I will be teaching 2 one-day workshops in January in the new decade, aka next month. The first one will be Saturday, January 11, 2020, 10 AM – 4 PM at my studio 144 Moody Str, Waltham.* The topic of the workshop will be Painting Drapery. This will be a reprisal of the December 7 workshop, true, but that’s because the first was such a success I vowed to do another one. Plus I had several people ask for another chance to attend the painting drapery subject specifically, so I figured why wait? The cost will be $110. Please use the comment section below to let me know you’re coming, or write to me at

Painting Drapery Workshop, Dec 7, 2019
fabric cloth painting
Antique White Drapery, Oil on canvas, 14″X11″

The second workshop on Saturday, January 25 at The Weston Arts and Innovation Center and I’m very excited about it.
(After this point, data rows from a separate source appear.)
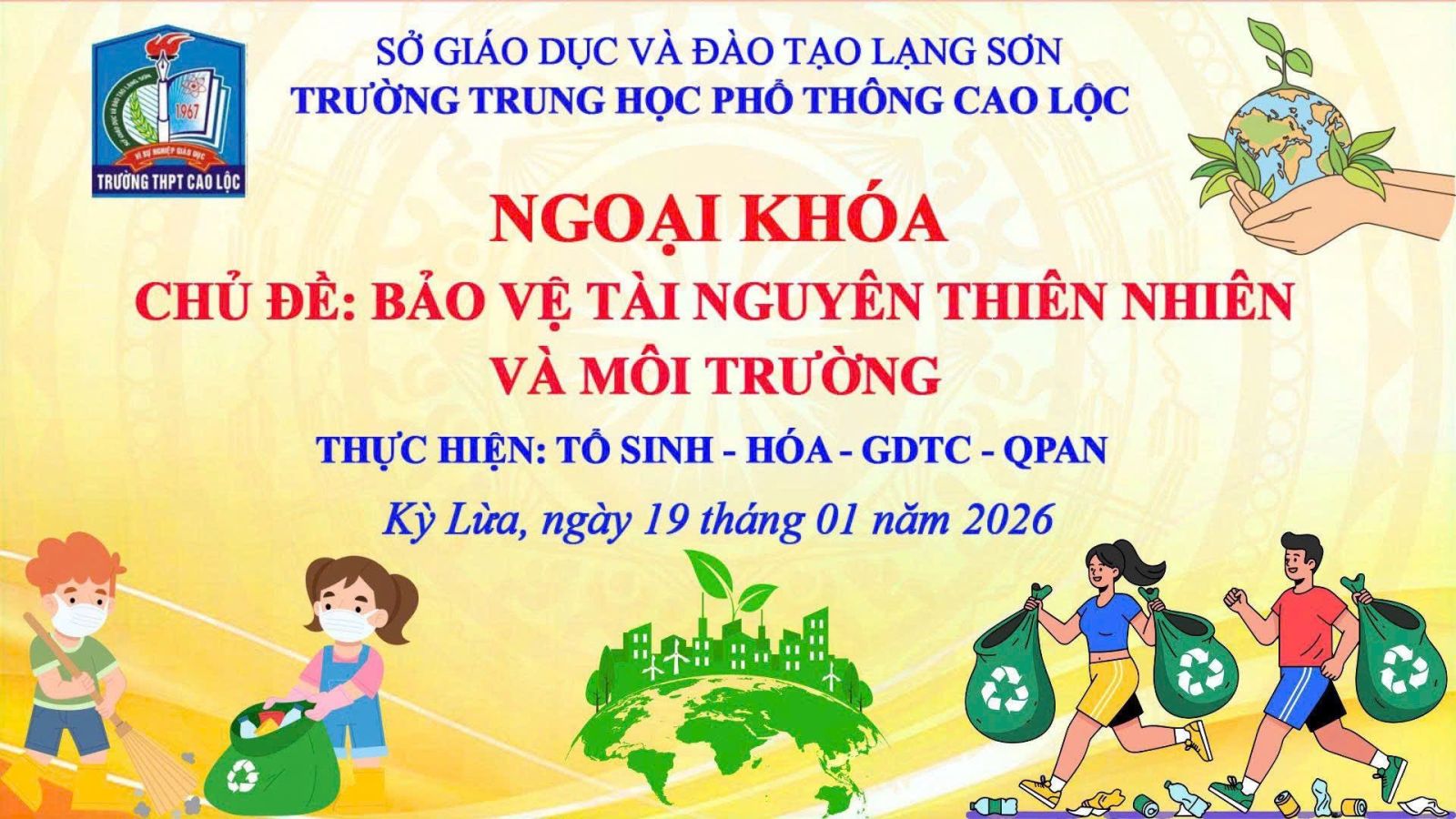 TRƯỜNG THPT CAO LỘC TỔ CHỨC NGOẠI KHÓA CHỦ ĐỀ “BẢO VỆ TÀI NGUYÊN THIÊN NHIÊN VÀ MÔI TRƯỜNG”
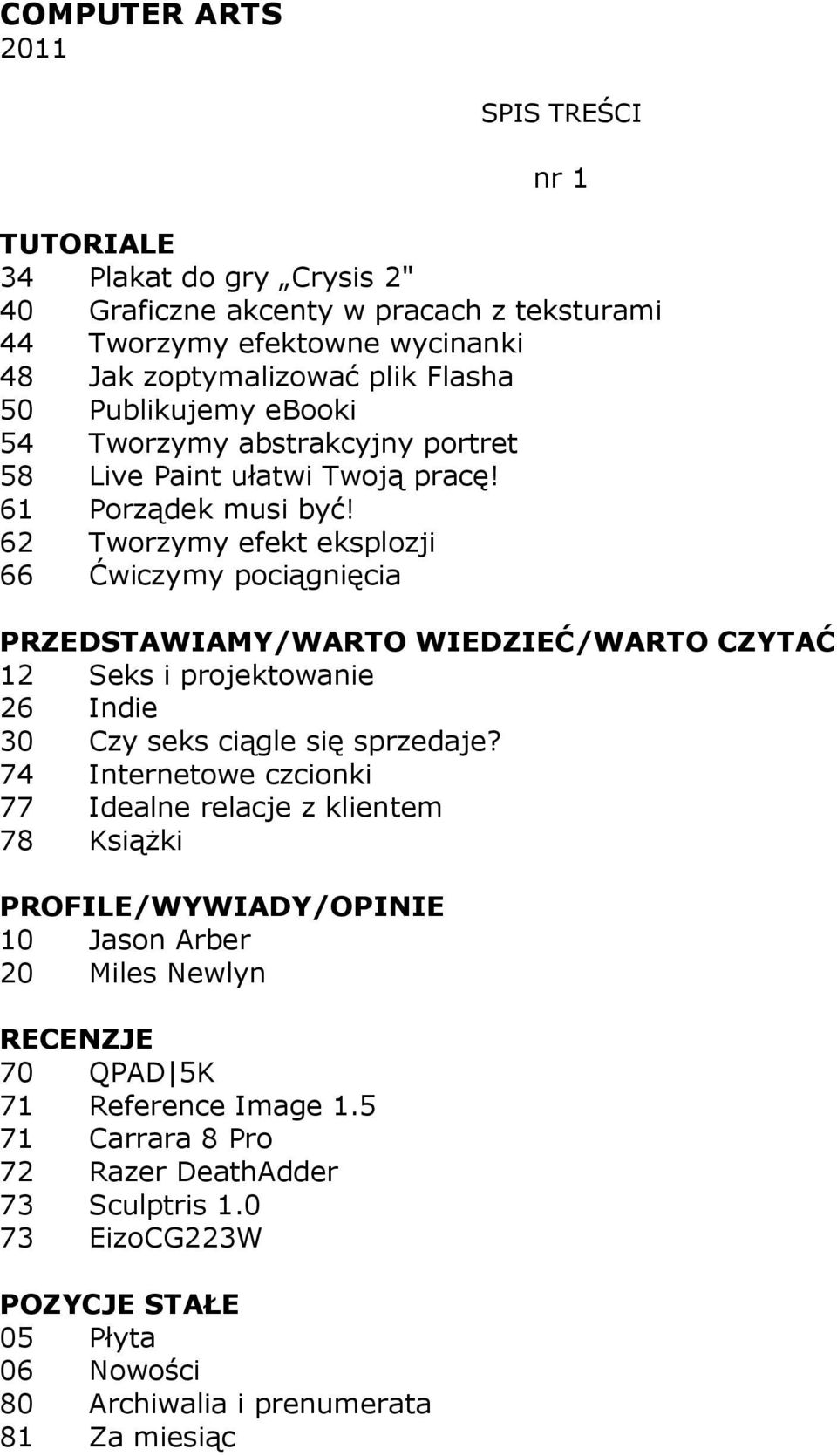 62 Tworzymy efekt eksplozji 66 Ćwiczymy pociągnięcia 12 Seks i projektowanie 26 Indie 30 Czy seks ciągle się sprzedaje?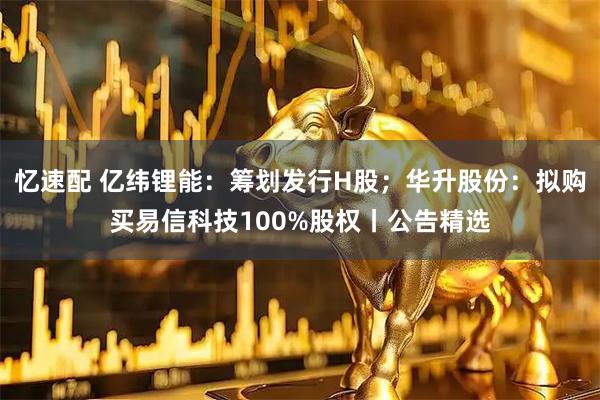 忆速配 亿纬锂能:筹划发行H股;华升股份:拟购买易信科技100%股权丨公告精选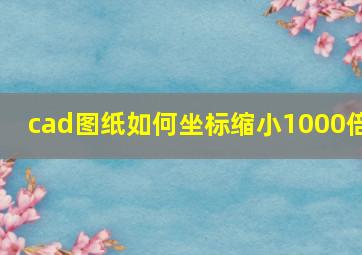 cad图纸如何坐标缩小1000倍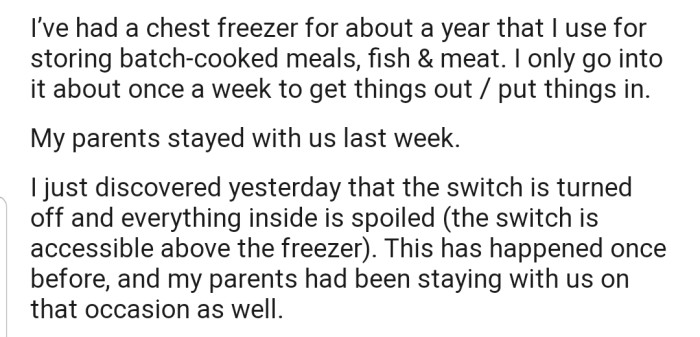 OP explained that they have a freezer that's used for storing batch-cooked meals. However, they discovered that the fridge was turned off the other day, causing all the food inside to spoil. Interestingly, this has happened before when their parents came over to spend some time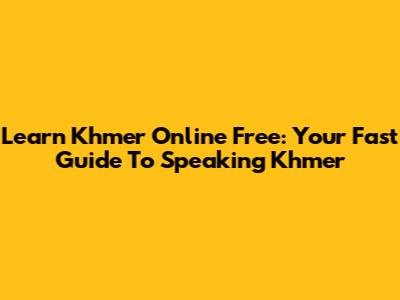 Learn Khmer Online Free: Your Fast Guide To Speaking Khmer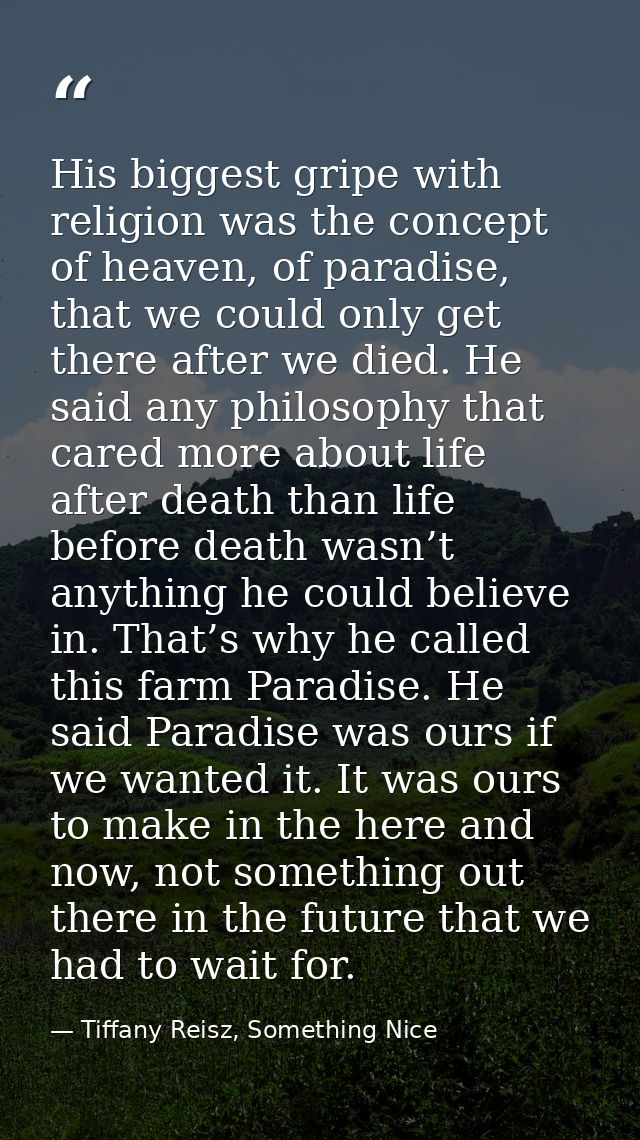 His biggest gripe with religion was the concept of heaven, of paradise, that we could only get there after we died. He s — Tiffany Reisz, Something Nice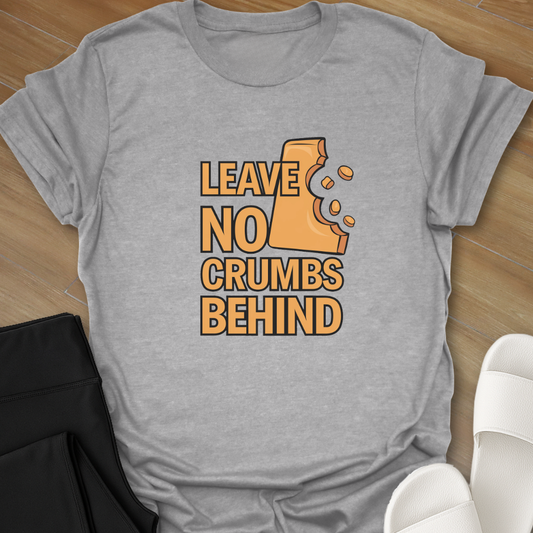 Leave No Crumbs Behind T-Shirt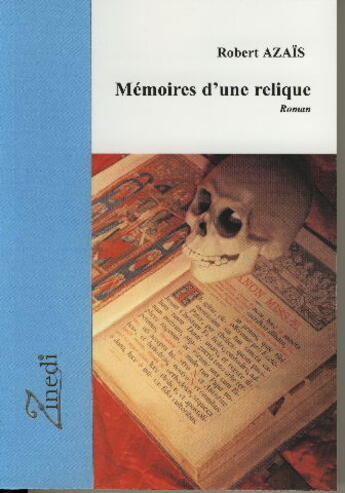 Couverture du livre « Mémoires d'une relique » de Robert Azais aux éditions Zinedi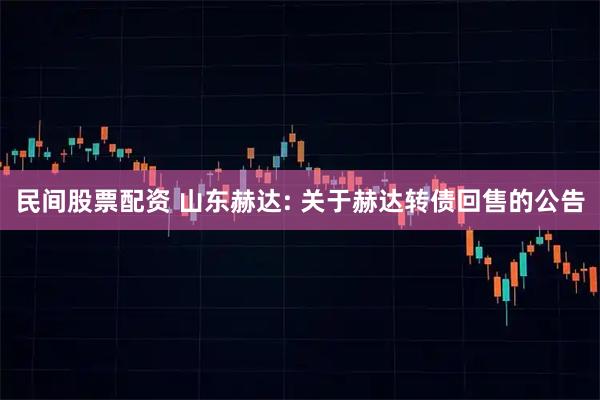 民间股票配资 山东赫达: 关于赫达转债回售的公告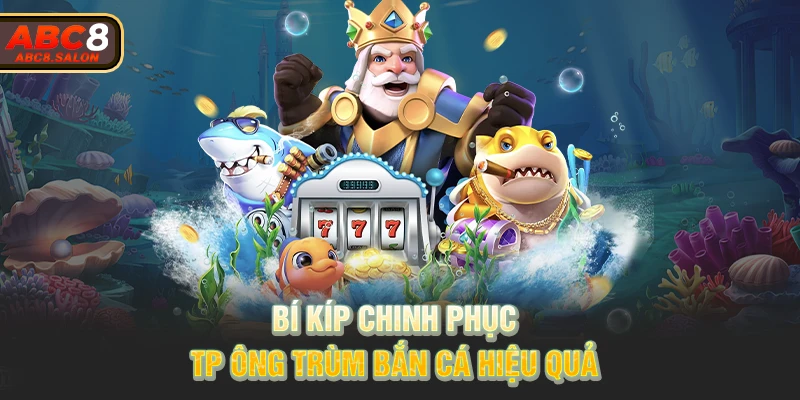 Bí kíp chinh phục TP Ông Trùm bắn cá hiệu quả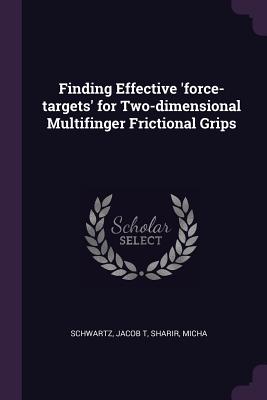 Finding Effective 'force-targets' for Two-dimensional Multifinger Frictional Grips - Schwartz, Jacob T, and Sharir, Micha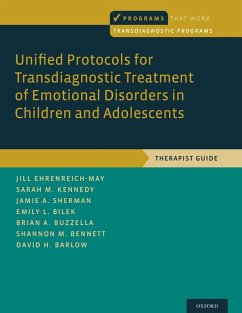 Unified Protocols for Transdiagnostic Treatment of Emotional Disorders in Children and Adolescents (eBook, ePUB) - Ehrenreich-May, Jill; Kennedy, Sarah M.; Sherman, Jamie A.; Bilek, Emily L.; Buzzella, Brian A.; Bennett, Shannon M.; Barlow, David H.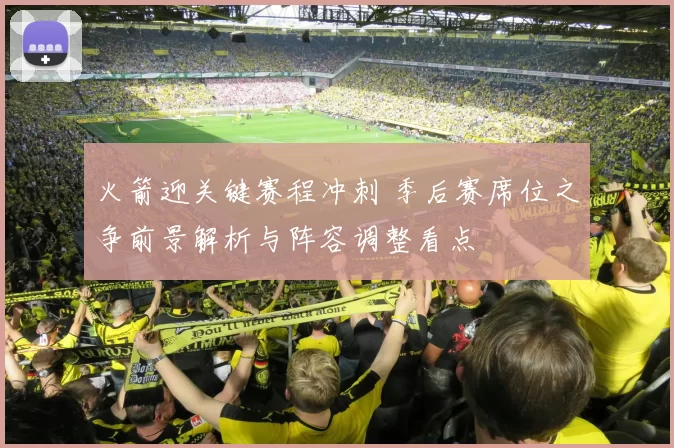 火箭迎关键赛程冲刺 季后赛席位之争前景解析与阵容调整看点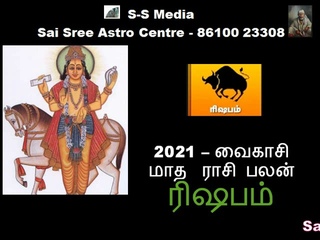 Vaikasi Month Predictions in tamil- Rishaba Rasi : 2021
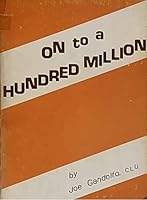 On to a hundred million B0006C4XQO Book Cover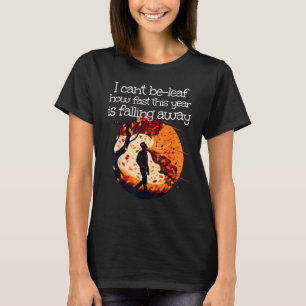 Ik kan geen blad zijn met koel lopend Herfst Man m T-shirt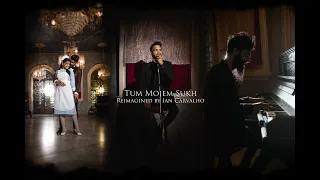 Tum Mojem Sukh - Reimagined by Ian Carvalho | Konkani Love Song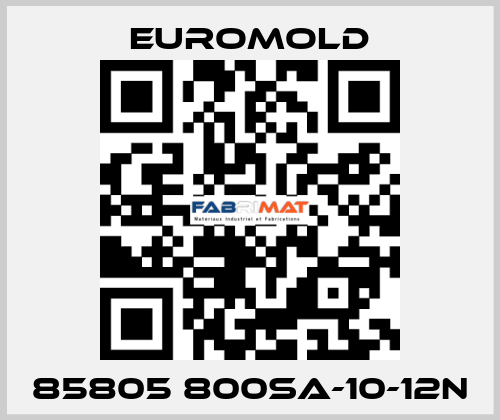 85805 800SA-10-12N EUROMOLD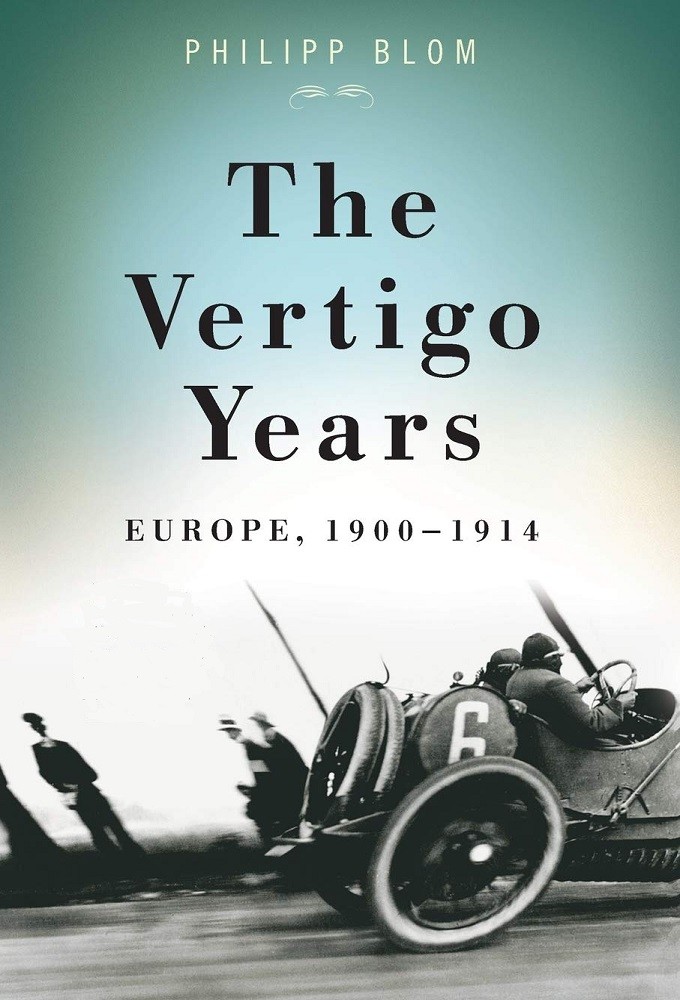 The Vertigo Years: 1900 to 1914 Image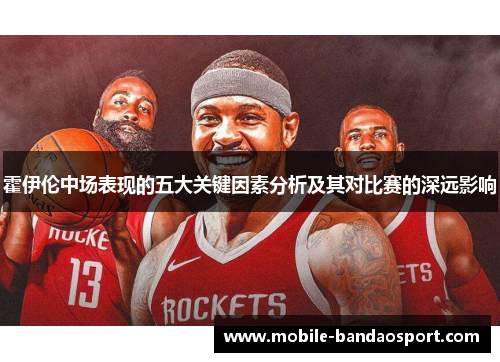 霍伊伦中场表现的五大关键因素分析及其对比赛的深远影响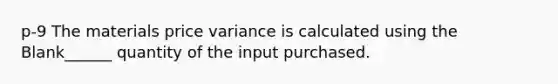 p-9 The materials price variance is calculated using the Blank______ quantity of the input purchased.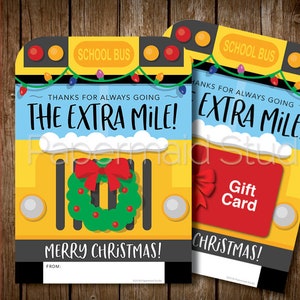 PRINTABLE Bus Driver Christmas Card Thank You - Bus Driver Gift Card Holder - Holiday Bus Driver Card - Thanks for Going the Extra Mile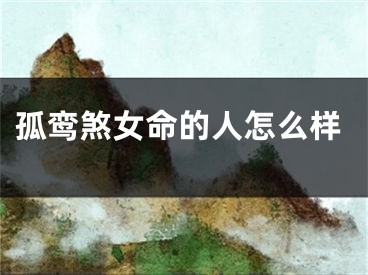 孤鸾煞女命的人怎么样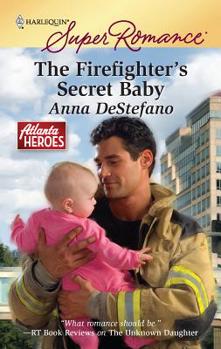 The Firefighter's Secret Baby - Book #4 of the Atlanta Heroes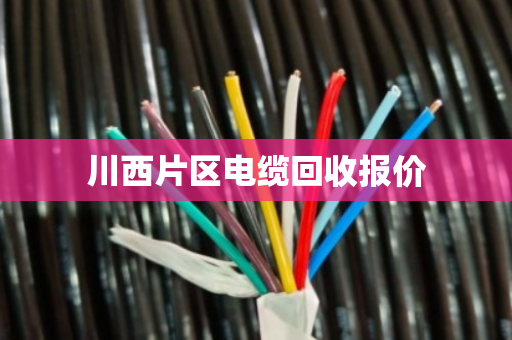 川西片区电缆回收报价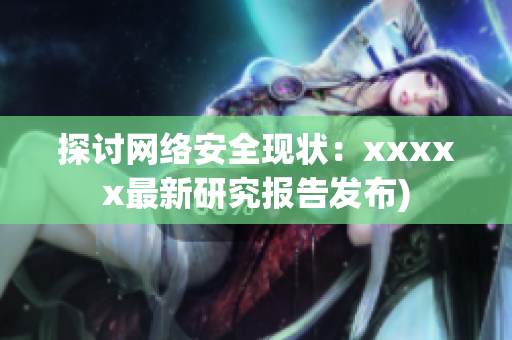 探讨网络安全现状：xxxxx最新研究报告发布)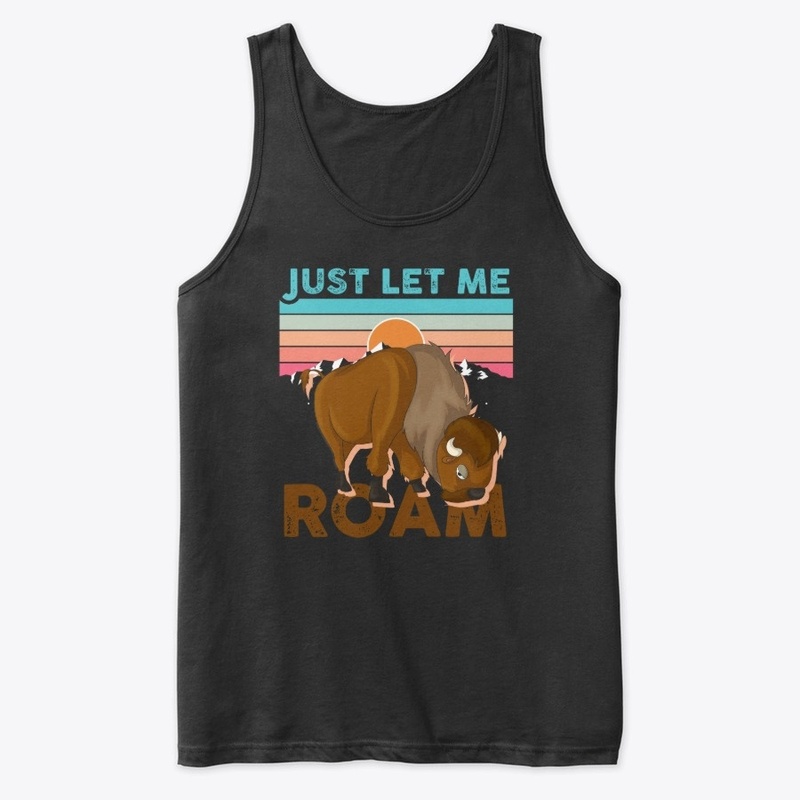 Just Let Me Roam - Bufallo Animal Lover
Titled From Realism To Abstraction, it’s for people who want to learn to create abstract paintings based upon the recognizable world without entirely leaving that world behind, and aren’t quite sure how to begin. To register for the workshop please visit:

The workshop will be held at The Weston Arts and Innovation Center (WAIC) a new venue for me, and for just about everyone else. A group of dedicated citizens have recently transformed the old Weston library (an excellent example of how beautifully that era cared for the aesthetics of a building and how the look affected the people who entered and used it: with respect. Where else but a library, church, temple or mosque, can a person be expected to sit quietly and will be reprimanded if they don’t?) into an exciting center for arts, ideas, and activities. You’ll be hearing from me that hopefully, I’ll be hosting further workshops at the WAIC, and hopefully, eventually, a “paint’n’sip” night.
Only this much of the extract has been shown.